▶ [What the task requires]:
Among the lines below, which ones contain the word "with"? Copy every such line.

▶ [Input records]:

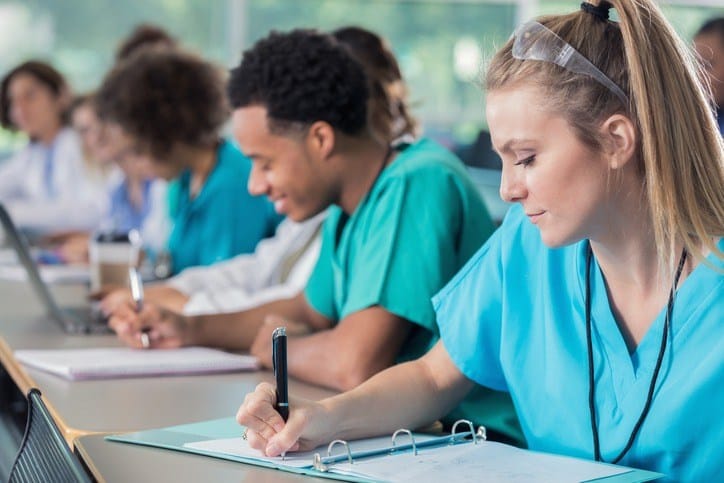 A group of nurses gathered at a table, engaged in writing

==

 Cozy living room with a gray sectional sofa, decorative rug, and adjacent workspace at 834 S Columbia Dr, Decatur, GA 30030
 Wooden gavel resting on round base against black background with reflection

▶ [Solution]:
 Cozy living room with a gray sectional sofa, decorative rug, and adjacent workspace at 834 S Columbia Dr, Decatur, GA 30030
 Wooden gavel resting on round base against black background with reflection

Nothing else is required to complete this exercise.